Ex-federal IT worker charged in alleged ID theft scam

Fired employee had access to sensitive information on computers

A former IT analyst at the Federal Reserve Bank of New York and his brother were arrested Friday on charges that they took out loans using stolen information, including sensitive information belonging to federal employees at the bank.

Prosecutors allege that Curtis Wiltshire, 34, took out student loans totalling US$73,000 using the stolen information.

His brother, Kenneth Wiltshire, 40, is charged with using the identities of two federal employees to try and obtain a loan for a 2006 Sea Ray 340 Sundancer speedboat.

The charges (pdf) come two months after federal investigators found two 2006 student loan applications on a thumb drive attached to the work computer of Curtis Wiltshire, who had worked at the Reserve Bank for nearly eight years as an information and technical analyst.

According to court documents, that investigation was unrelated to the fraud charges.

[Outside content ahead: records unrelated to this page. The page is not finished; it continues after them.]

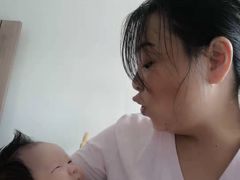 -和睦爱嘉月嫂·产后恢复中心(美罗店)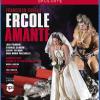 Ercole Amante (2 Blu-ray)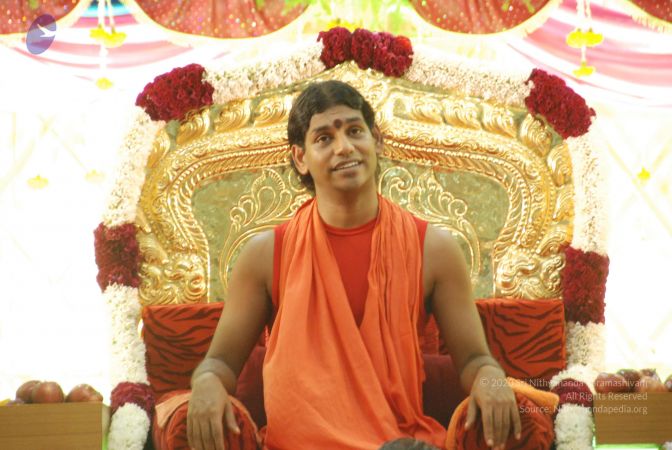 20090802 Photo 1642 1pZVu85llGXzMSOYWcOaBy cO1DWe-Pz6.JPG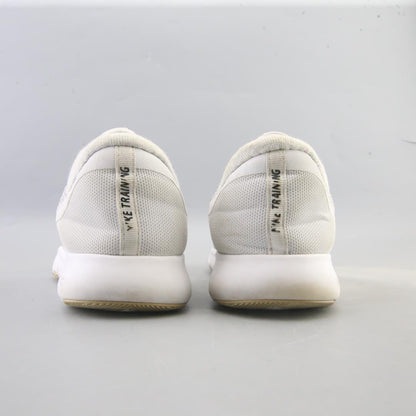 FLEX TRAINER 7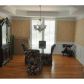 5139 Stately Oaks Drive, Flowery Branch, GA 30542 ID:3436809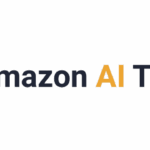 Amazon AI Trader 2026: Arnaque ou Opportunité ? Analyse Complète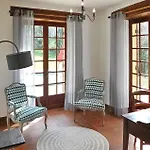 Dom wakacyjny La Contie Sarlat-la-Canéda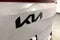 2025 Kia Carnival Hybrid SX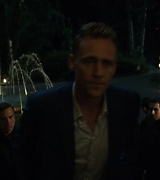 The-Night-Manager-1x06-0370.jpg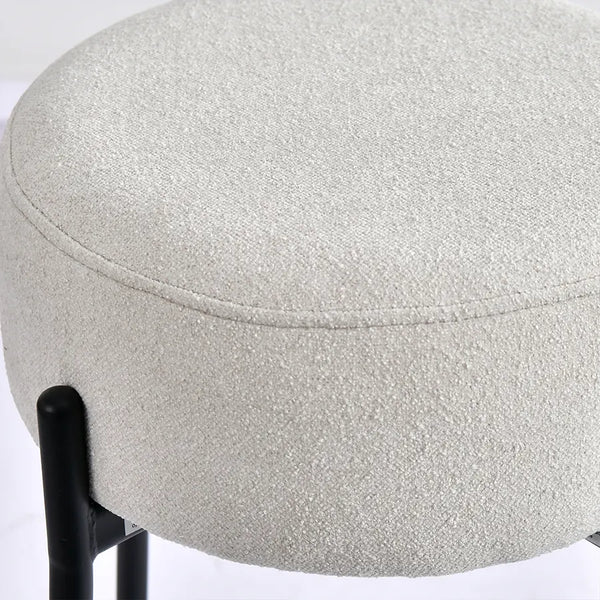 Taburete Breville Modelo 34627 Kodu Home Design Ifdesign Store 003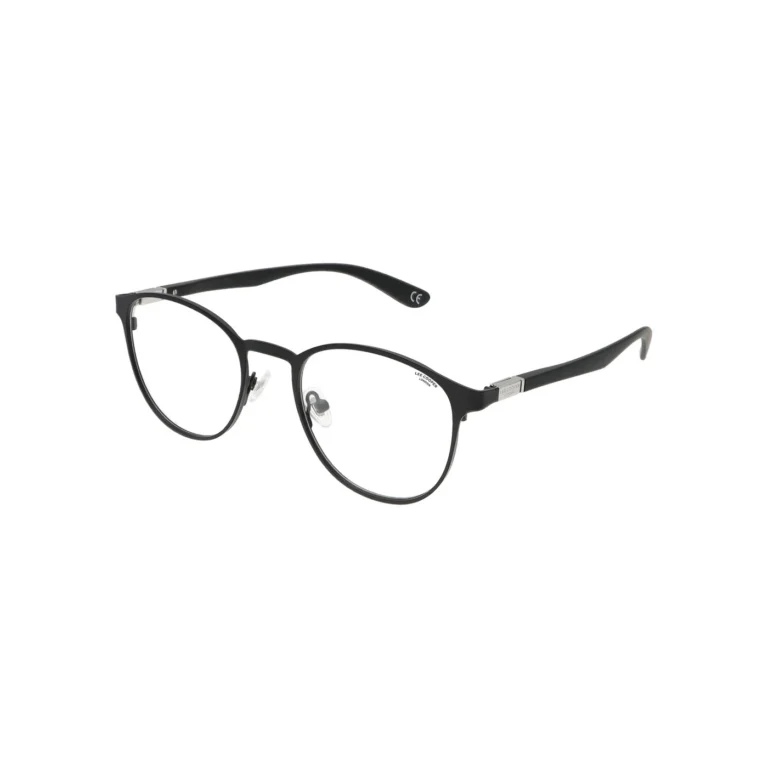 LEE COOPER LC3287.C1 KADIN OPTİK ÇERÇEVE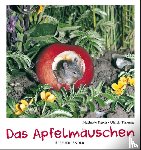 Reich, Mathilde - Das Apfelmäuschen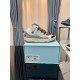 Lanvin Shoes: Top Quality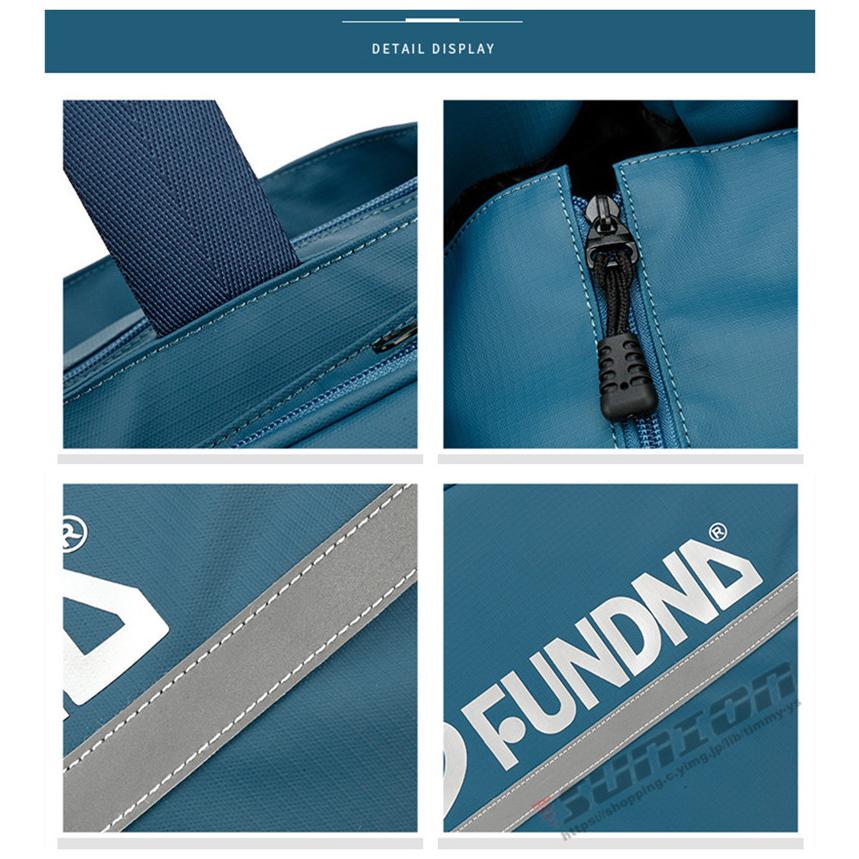 トートバッグ ラケットバッグ テニス ラケット 1本 収納 : Sunion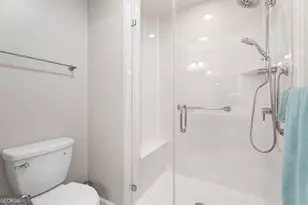 403 Kenley Ct, McDonough, GA 30253 - Photo 15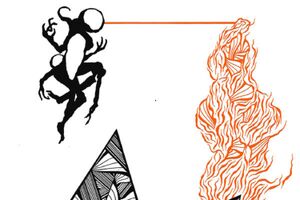 Image - Tri-Function Million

Wiltshire was dismissed soon after the drive was found on around Feb. 15, prosecutors said.

The charges were filed in the federal court in Manhattan. The two men could not be reached for comment Friday and the names of their lawyers were not included in the court documents.

Curtis Wiltshire had "access to computer files containing information about employees of the [federal bank], including their names, dates of birth, Social Security numbers, and photographs," U.S. Federal Bureau of Investigation Special Agent Cordel James said in an affidavit filed in the case.

Curtis Wiltshire was charged with bank fraud and identity theft and faces more than 30 years in prison if convicted.

His brother was charged with mail fraud and identity theft and faces a maximum of 22 years in prison.